# [Records]

★ ★ ★ ★

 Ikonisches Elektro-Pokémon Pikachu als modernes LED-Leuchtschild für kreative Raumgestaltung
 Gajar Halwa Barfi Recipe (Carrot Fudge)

★ ★ ★ ★

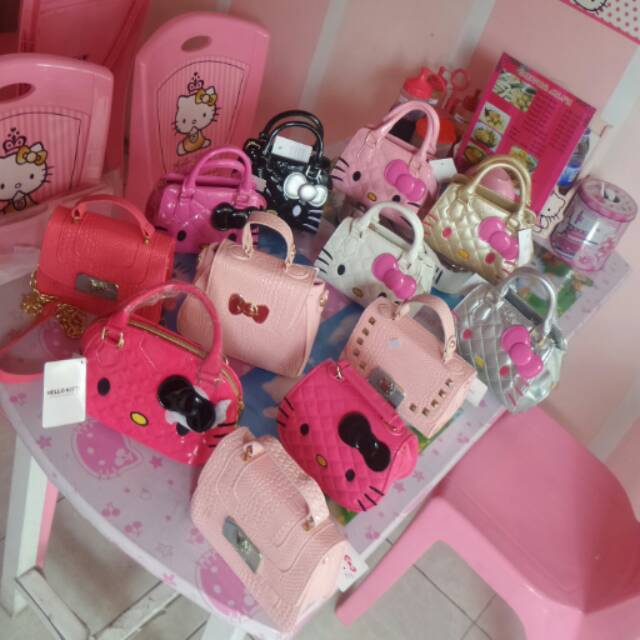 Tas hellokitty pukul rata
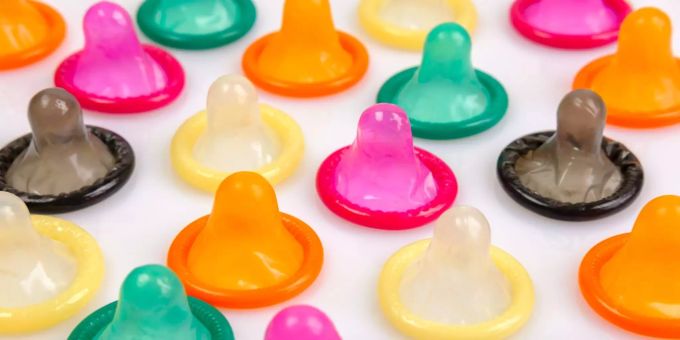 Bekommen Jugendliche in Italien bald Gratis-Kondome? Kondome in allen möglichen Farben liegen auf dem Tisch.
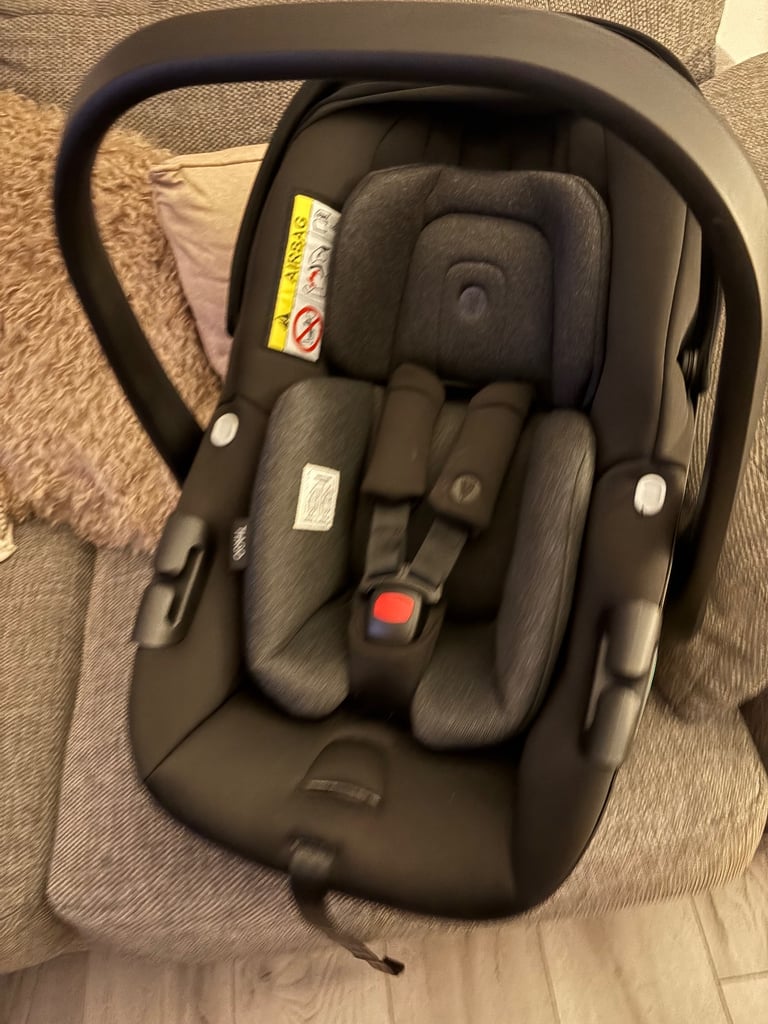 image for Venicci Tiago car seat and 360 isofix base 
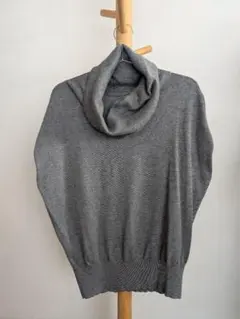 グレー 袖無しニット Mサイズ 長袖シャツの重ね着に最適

★ ★ ★ ★

# [How to complete this task]
Give back precisely the lines above that start at the line containing "Ikonisches Elektro-Pokémon Pikachu" and end at the line containing "Gajar Halwa Barfi Recipe (Carrot Fudge)", inclusive. No other lines belong in the output.

# [Task result]
 Ikonisches Elektro-Pokémon Pikachu als modernes LED-Leuchtschild für kreative Raumgestaltung
 Gajar Halwa Barfi Recipe (Carrot Fudge)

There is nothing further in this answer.